INFORMATION below:

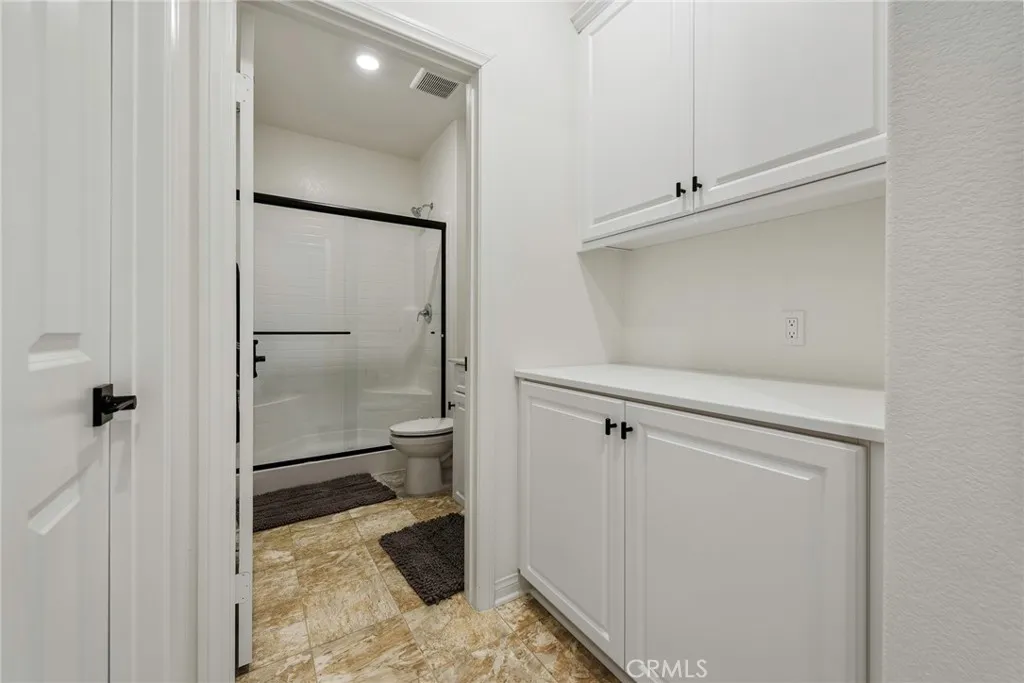 19568 Sunkissed Ridge Drive, Riverside, California 92507 home-pic-11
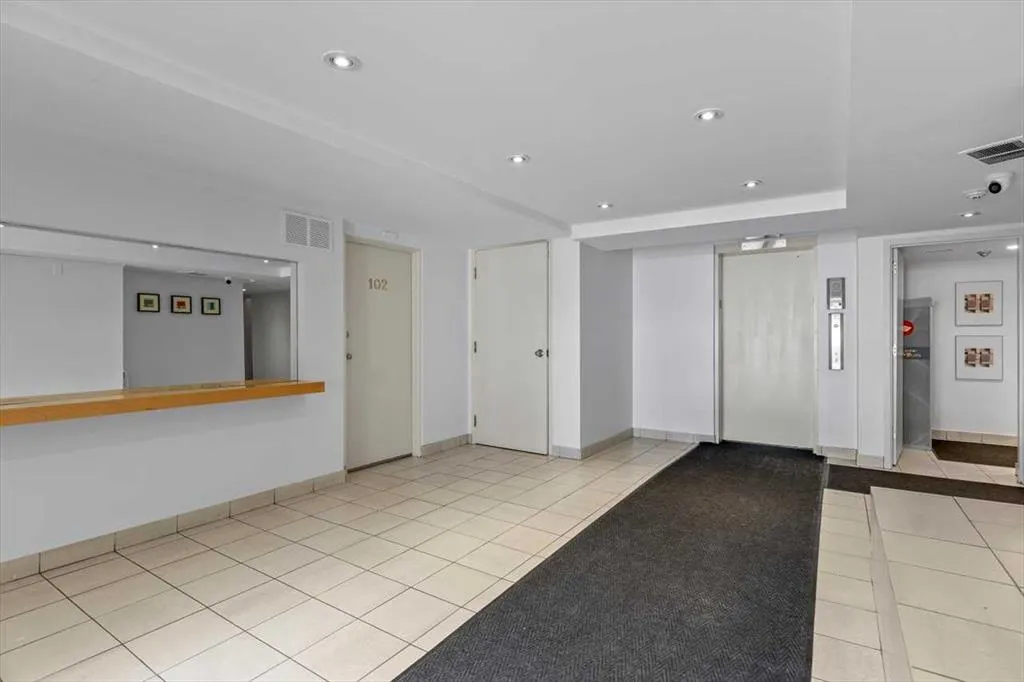 235 15 Avenue SW, #305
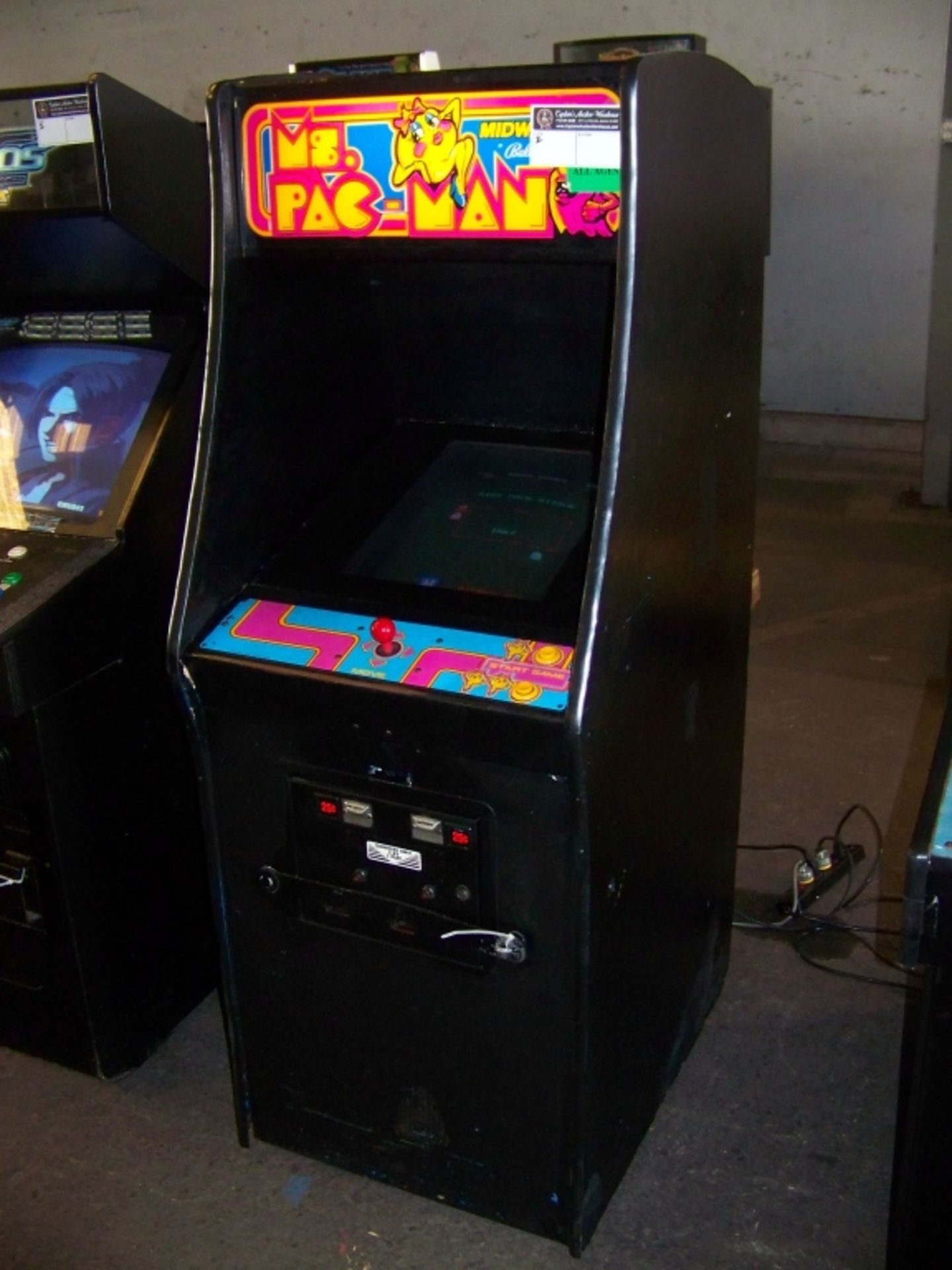 MS PACMAN CLASSIC UPRIGHT ARCADE GAME - Image 2 of 5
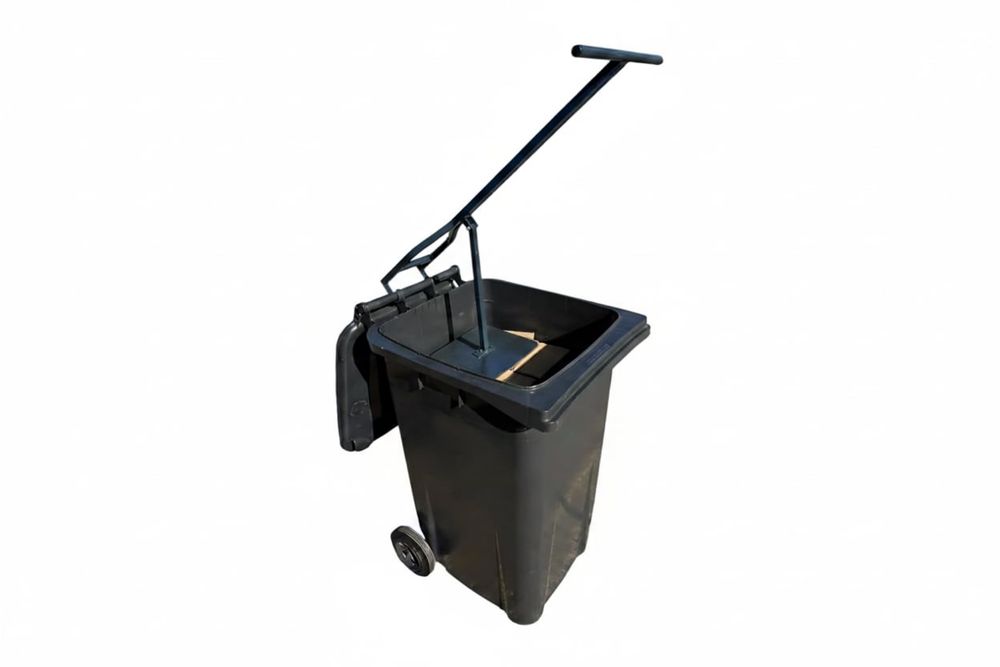 Compactor manual pentru gunoi din tomberon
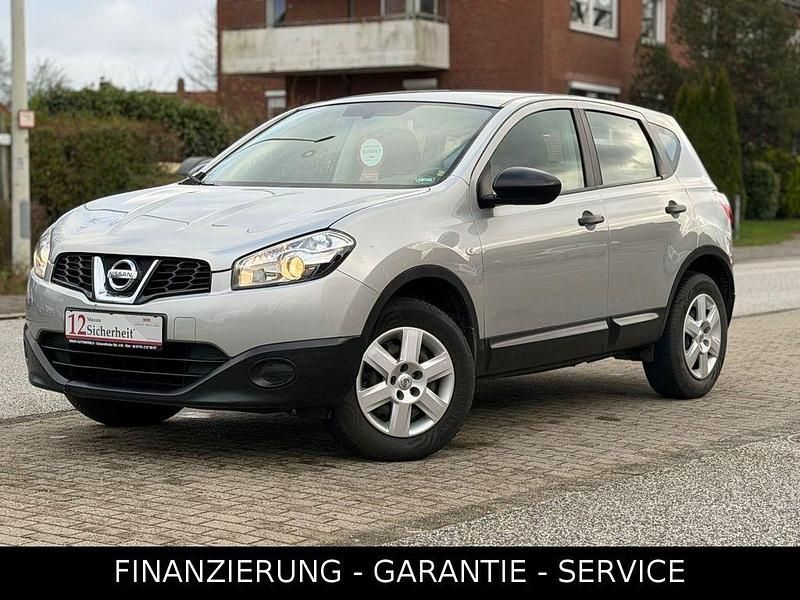 Gebraucht Nissan Qashqai 117 PS (86 kW) 2013 Silber SUV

End of INFORMATION.

ACTIVITY: Print the records verbatim, without pictures.

EXERCISE RESPONSE:
 19568 Sunkissed Ridge Drive, Riverside, California 92507 home-pic-11
 235 15 Avenue SW, #305
 MS PACMAN CLASSIC UPRIGHT ARCADE GAME - Image 2 of 5
 Compactor manual pentru gunoi din tomberon
 Gebraucht Nissan Qashqai 117 PS (86 kW) 2013 Silber SUV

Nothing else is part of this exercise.